09 novembre 2014

Trente-six chandelles - Marie-Sabine Roger

36 chandelles Editions du Rouergue - août 2014 - 277 pages

Quatrième de couverture :
Allongé dans son lit en costume de deuil, ce 15 février, à l'heure de son anniversaire, Mortimer Décime attend sagement la mort car, depuis son arrière-grand-père, tous les hommes de sa famille sont décédés à onze heures du matin, le jour de leurs 36 ans. 

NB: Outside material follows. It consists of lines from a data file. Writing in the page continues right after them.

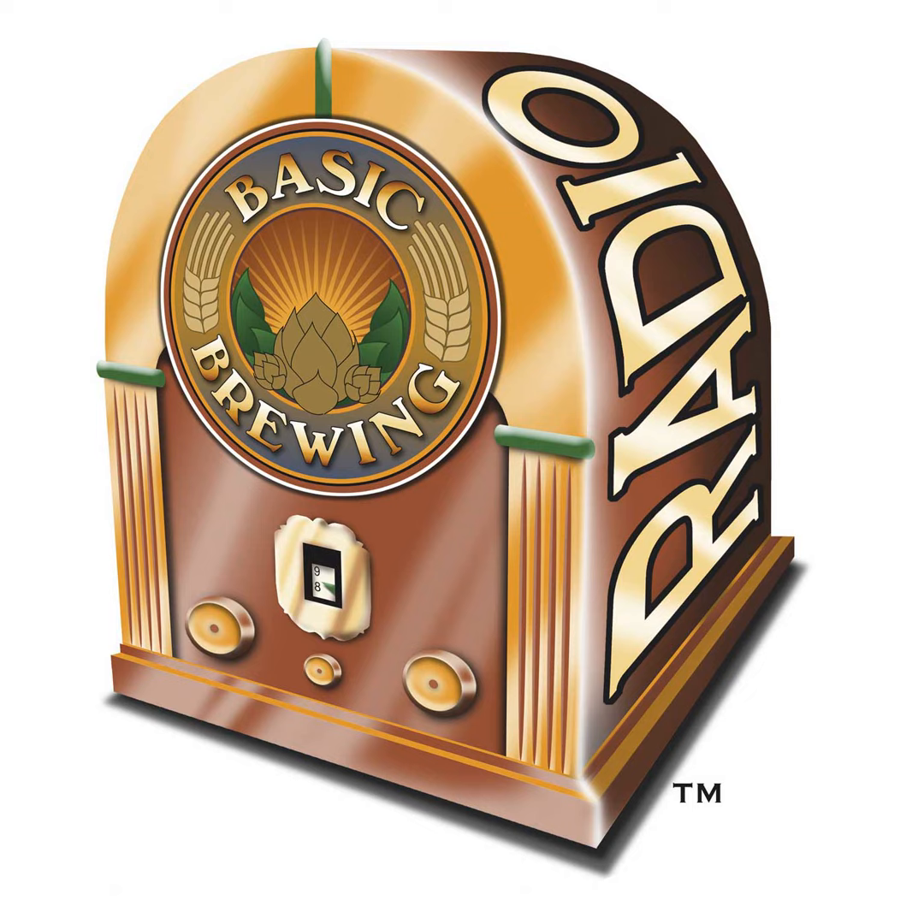Welcome to Basic Brewing Radio for Thursday, April 23rd, 2020. I'm James Spencer. Here at Basic Brewing Radio, we're all about homebrewing. This week I talk with Phil Nagash, formerly of the My Life as a Foodie podcast and now of CyclingOC.com. We talk about how we've been adapting our cooking in times of isolation and how to work some of that beer you've been brewing into your meals.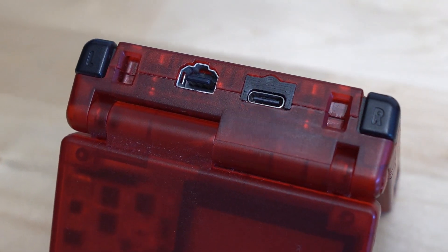Another example is the GBA SP. The USB-C modules will always have open room when you remove the original port. That means we use 3D printed spacers to fill up that room and help keep the port secure in its location. Simply slide in your 3D printed part as you're assembling your console and you're done.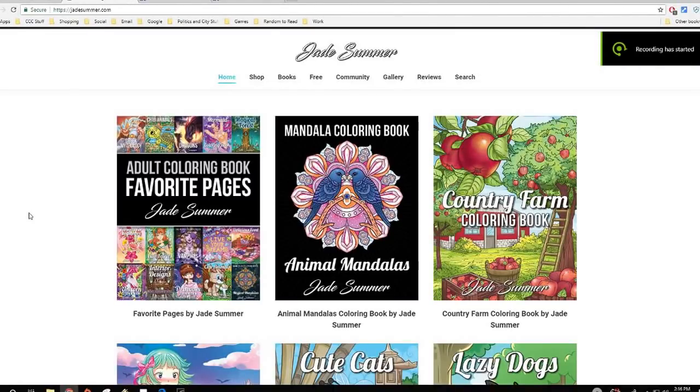Hi everyone and happy Saturday. Today I thought I'd do something a little different. I realized I didn't have a Flip Through Friday yesterday — I got distracted trying to organize my art corner, which is really more like a corner of a room. It'll probably expand and become a studio. I got so busy doing that, I got sidetracked, and by the time I figured it out it was late at night and I was tired.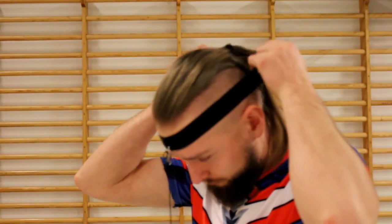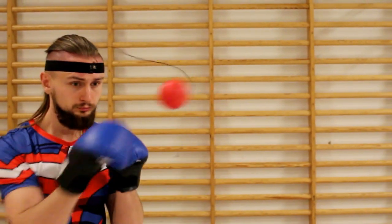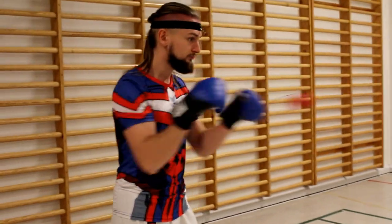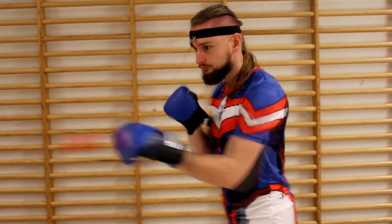I just got my reflex ball and I will show you how it works. With these things you can train your eye-hand coordination. You can also practice with your precision and timing. This ball can improve your reflex and speed.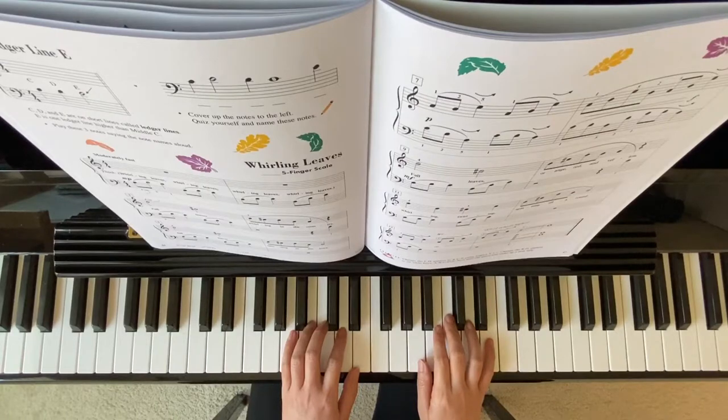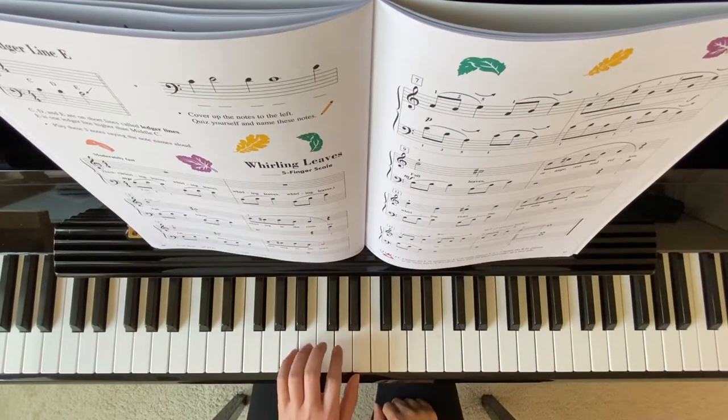Starting position: A5 finger scale, my left hand, finger 5 on this A, here's my middle C.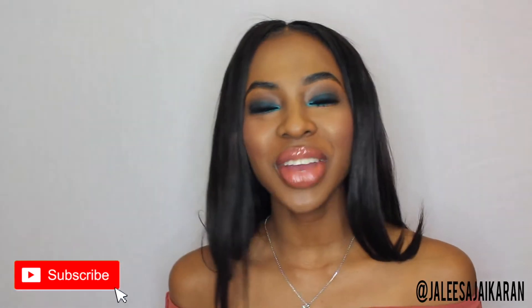Hi everyone, welcome back to my channel. My name is Jalisa Deikaran and I am a makeup artist living in New York City.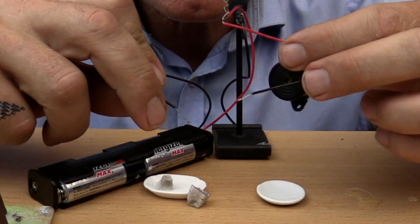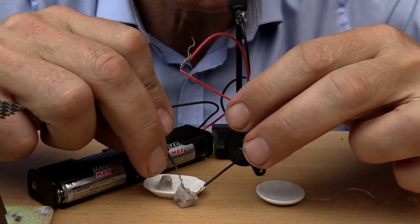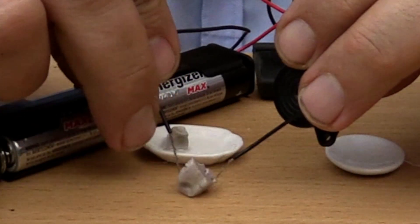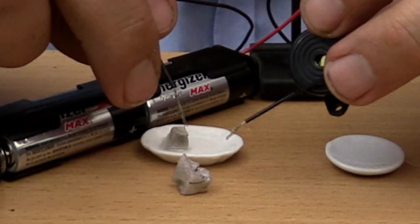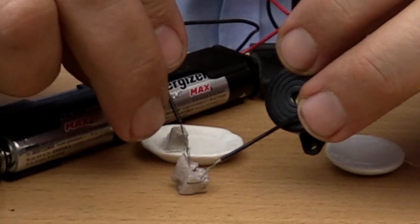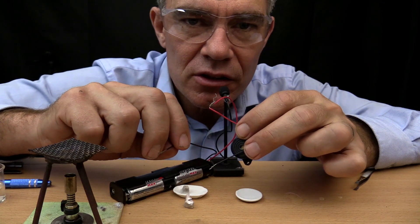If the buzzer sounds, it means it conducts electricity. Only the surface that has been freshly cut conducts the electricity. Metals are good conductors of electricity.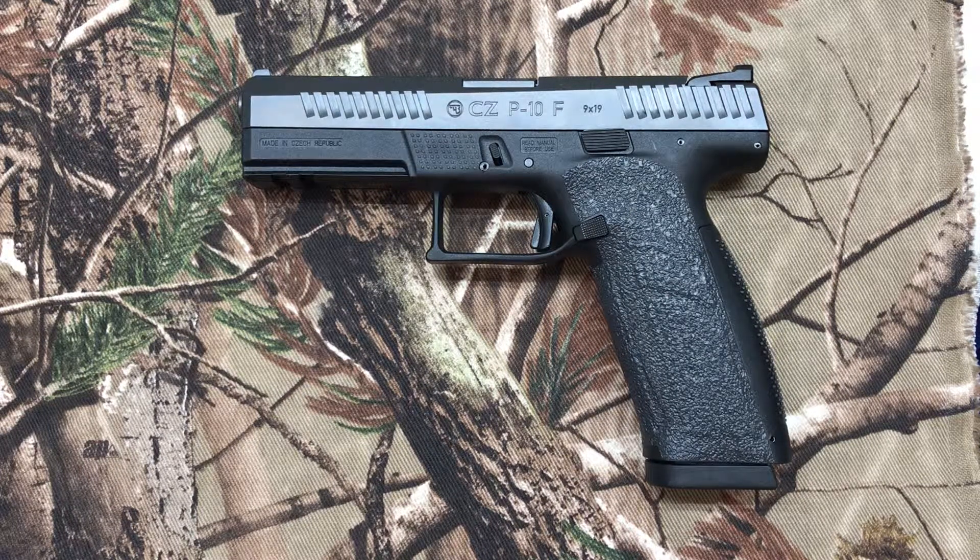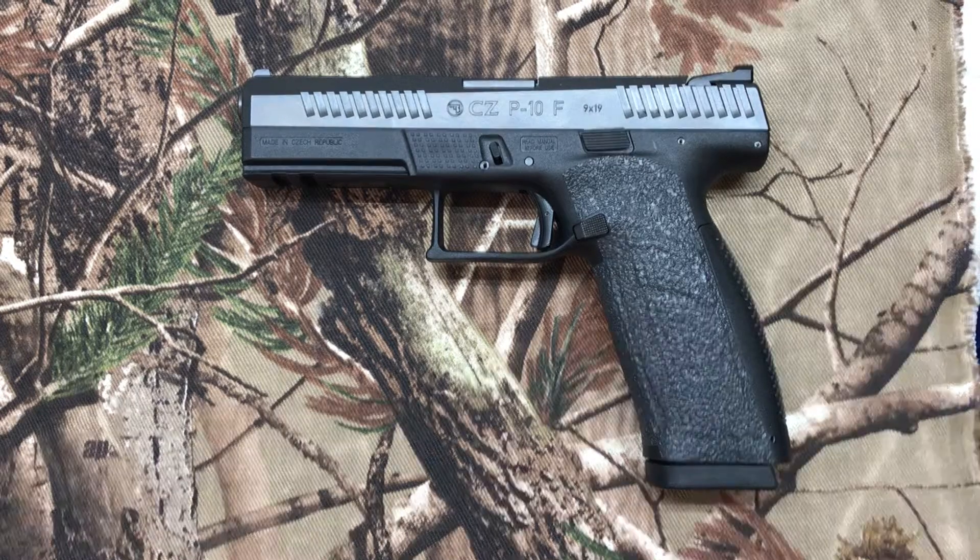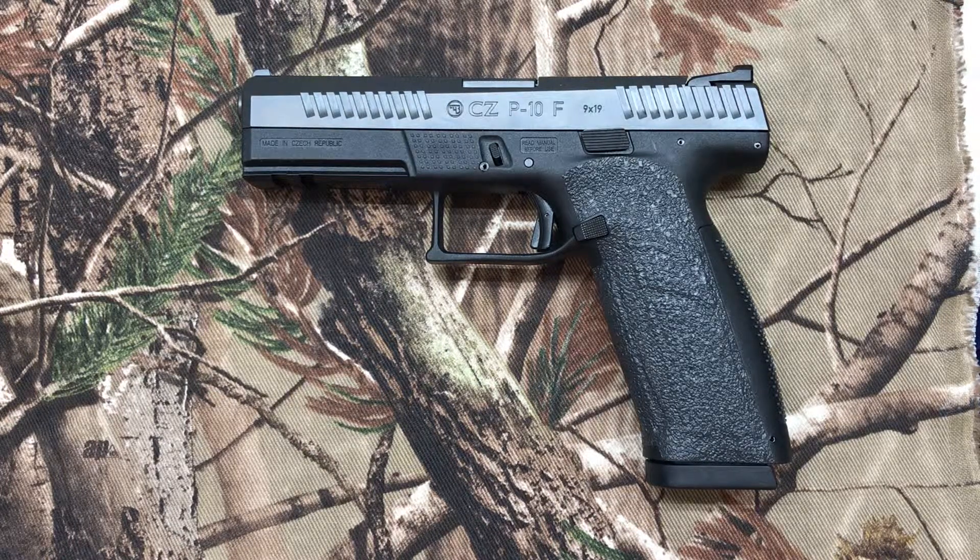Hi, this is Don with Traction Grips. Today I wanted to show our new product. It's a rubber grip tape overlay for the CZ P10F full-size pistol. They can be found at our website www.tractiongrips.com.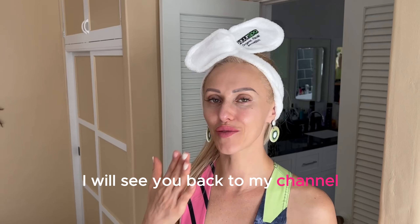I just rinsed off my oatmeal mask and I can tell you that my skin feels better — it's brighter, it's tighter, and it feels like silk. So much benefit, it's amazing. Try it! Thank you for watching, and I will see you back on my channel.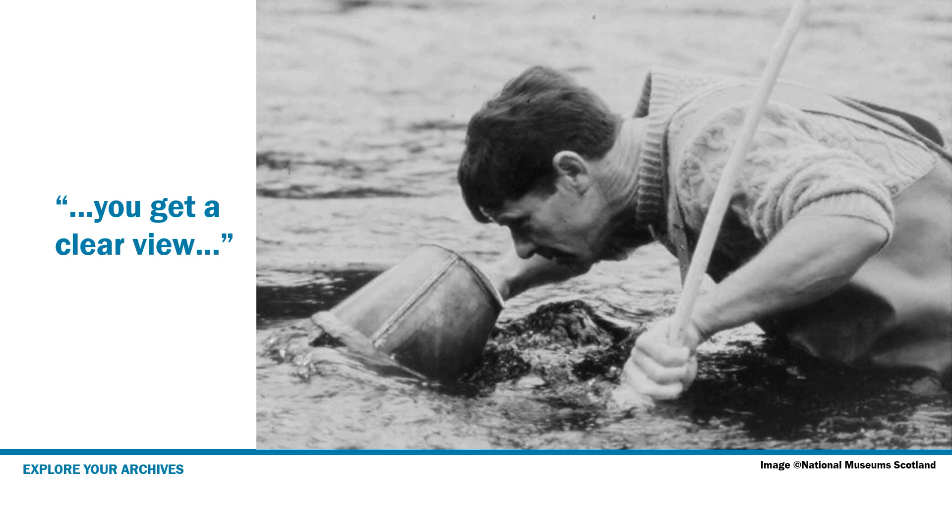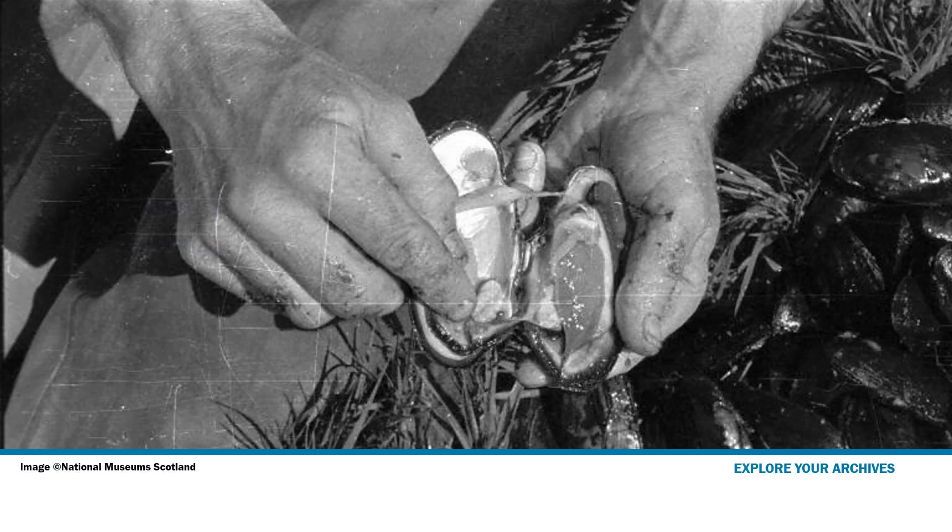So how — this luggie, was that attached to anything else? Because could you just put the thing in the water? Well, they would put a handle on it, and they would just lay it on the surface of the water. And then you could just look down.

La poisse serait-elle héréditaire, comme les oreilles décollées ? Y a-t-il un gène de la scoumoune ? Un chromosome du manque de pot ?
Que faire de sa vie, quand le chemin semble tout tracé à cause d'une malédiction familiale ? Entre la saga tragique et hilarante des Décime, quelques personnages singuliers et attendrissants, une crêperie ambulante et une fille qui pleure sur un banc, on suit un Mortimer finalement résigné au pire.
Mais qui sait si le Destin et l'Amour, qui n'en sont pas à une blague près, en ont réellement terminé avec lui ? Dans son nouveau roman, Marie-Sabine Roger fait preuve, comme toujours, de fantaisie et d'humour, et nous donne une belle leçon d'humanité.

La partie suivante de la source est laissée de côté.